Collected data:
* * * *

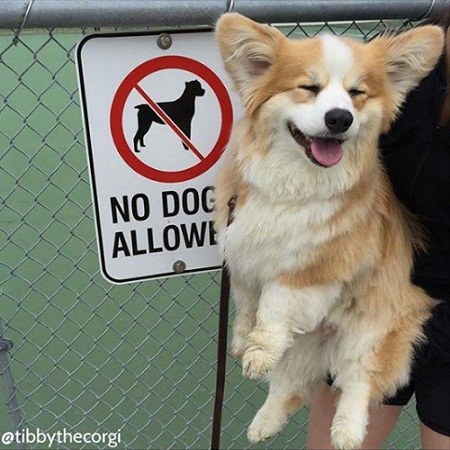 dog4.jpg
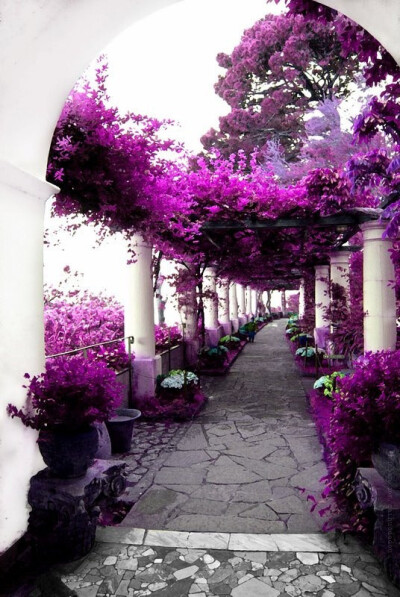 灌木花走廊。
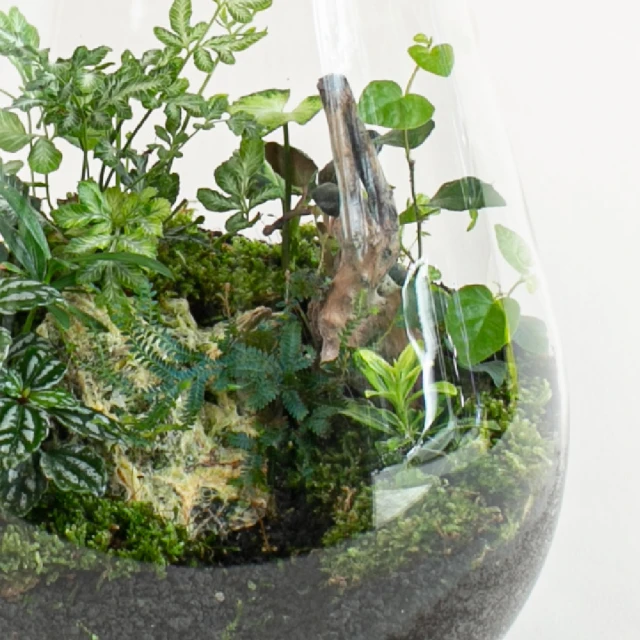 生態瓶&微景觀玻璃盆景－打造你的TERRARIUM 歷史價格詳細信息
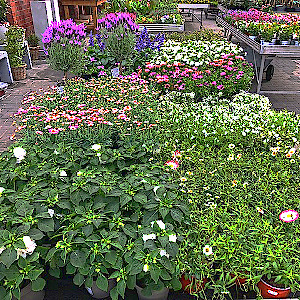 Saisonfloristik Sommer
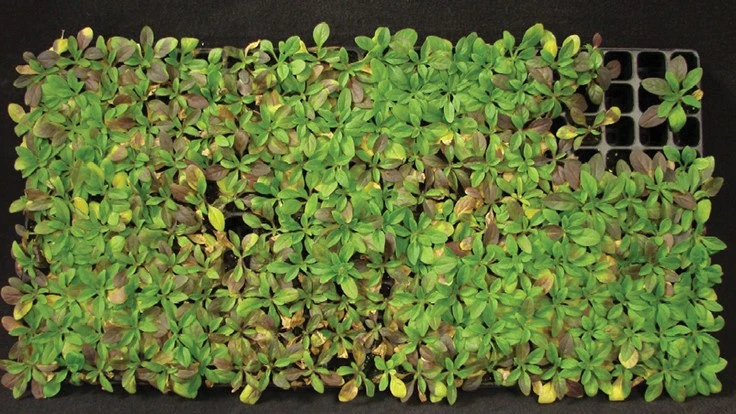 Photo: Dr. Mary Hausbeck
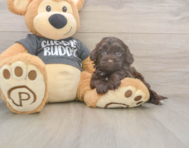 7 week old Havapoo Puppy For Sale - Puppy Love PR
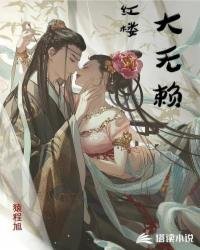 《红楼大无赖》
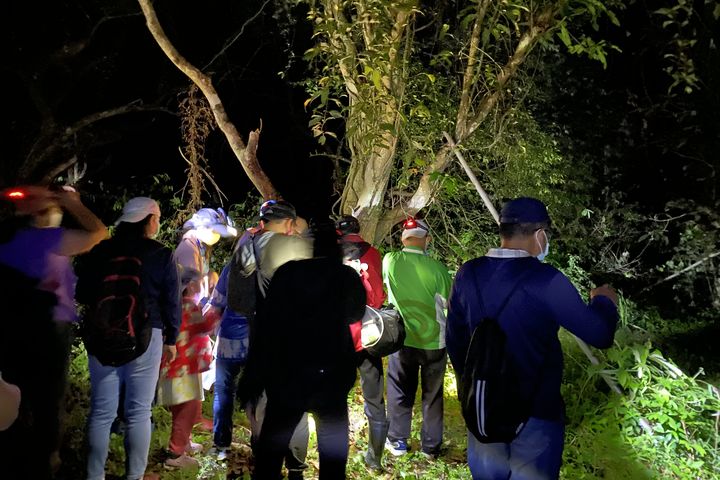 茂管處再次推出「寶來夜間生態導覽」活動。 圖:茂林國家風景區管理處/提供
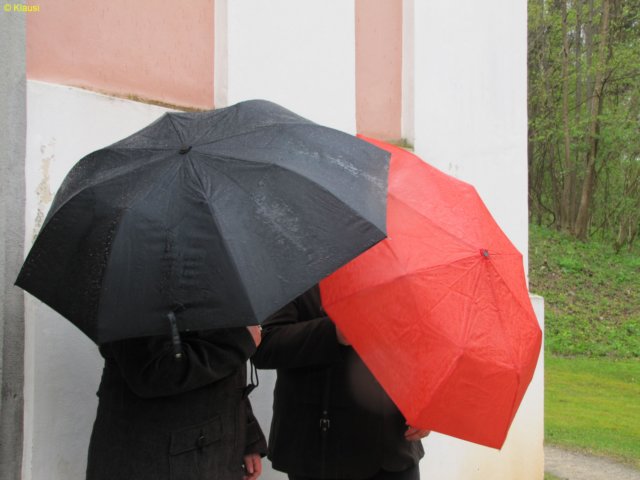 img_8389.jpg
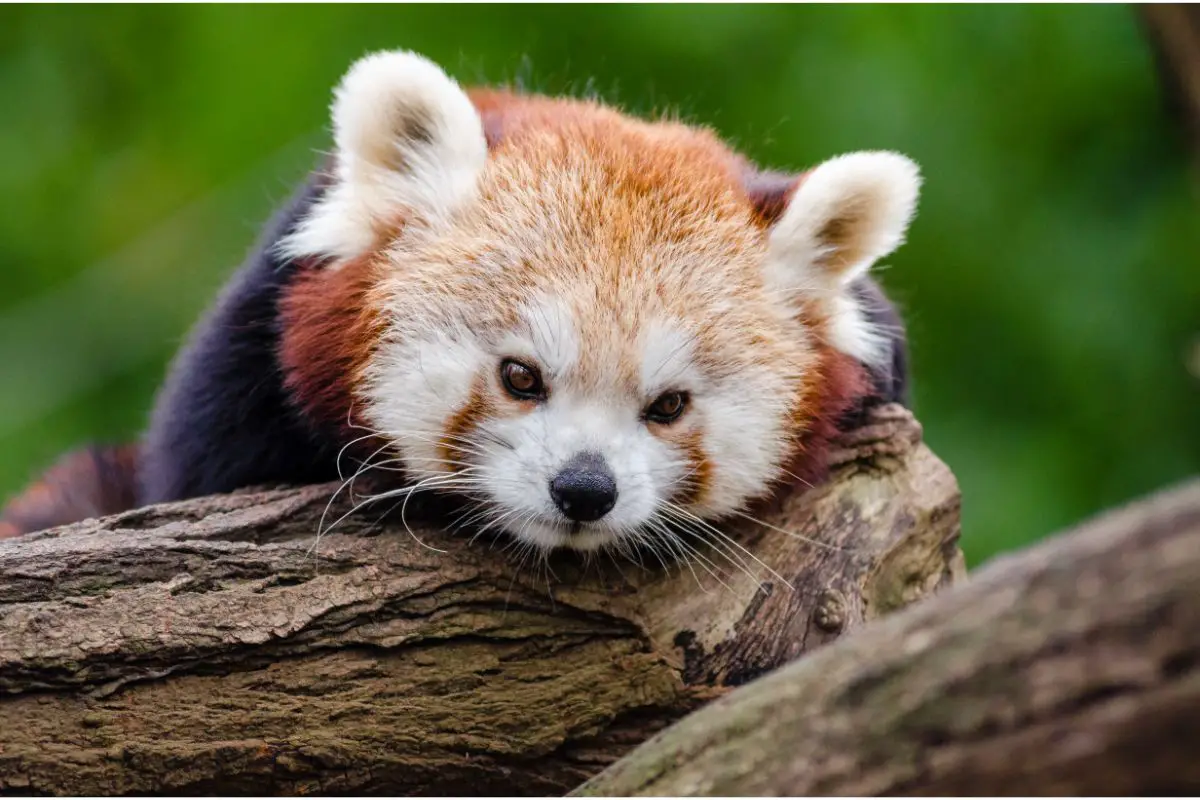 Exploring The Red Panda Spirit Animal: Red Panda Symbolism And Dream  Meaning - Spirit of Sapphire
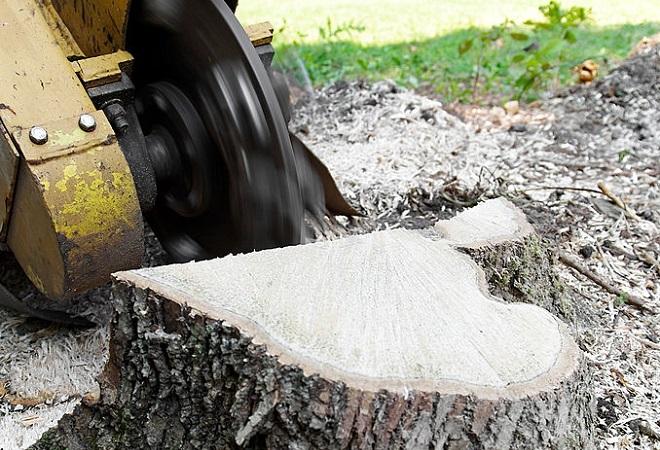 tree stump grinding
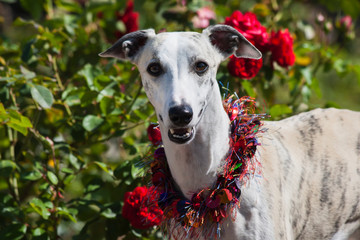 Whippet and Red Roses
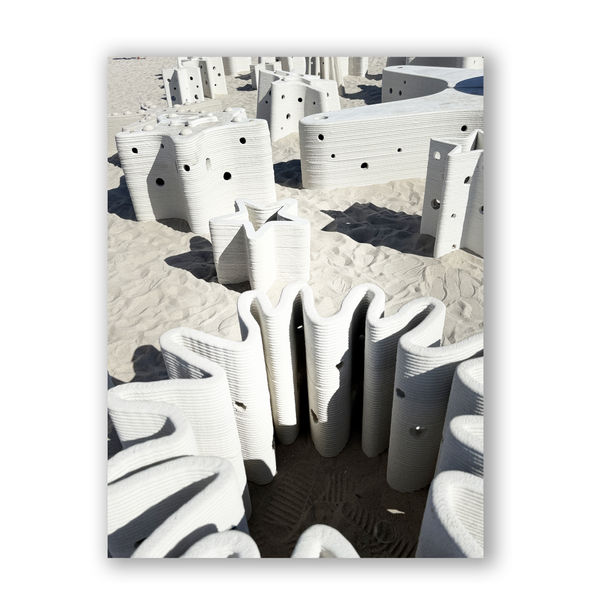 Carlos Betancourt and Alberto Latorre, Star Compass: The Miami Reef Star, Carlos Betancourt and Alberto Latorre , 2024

* * * *

▶ _Aim of the exercise_: Once the line holding "茂管處再次推出「寶來夜間生態導覽」活動。 圖:茂林國家風景區管理處/提供" is found, set down that line and every line after it, exactly, through the last line of the records above, omitting pictures.

▶ _Solved problem_:
 茂管處再次推出「寶來夜間生態導覽」活動。 圖:茂林國家風景區管理處/提供
 img_8389.jpg
 Exploring The Red Panda Spirit Animal: Red Panda Symbolism And Dream  Meaning - Spirit of Sapphire
 tree stump grinding
 Whippet and Red Roses
 Carlos Betancourt and Alberto Latorre, Star Compass: The Miami Reef Star, Carlos Betancourt and Alberto Latorre , 2024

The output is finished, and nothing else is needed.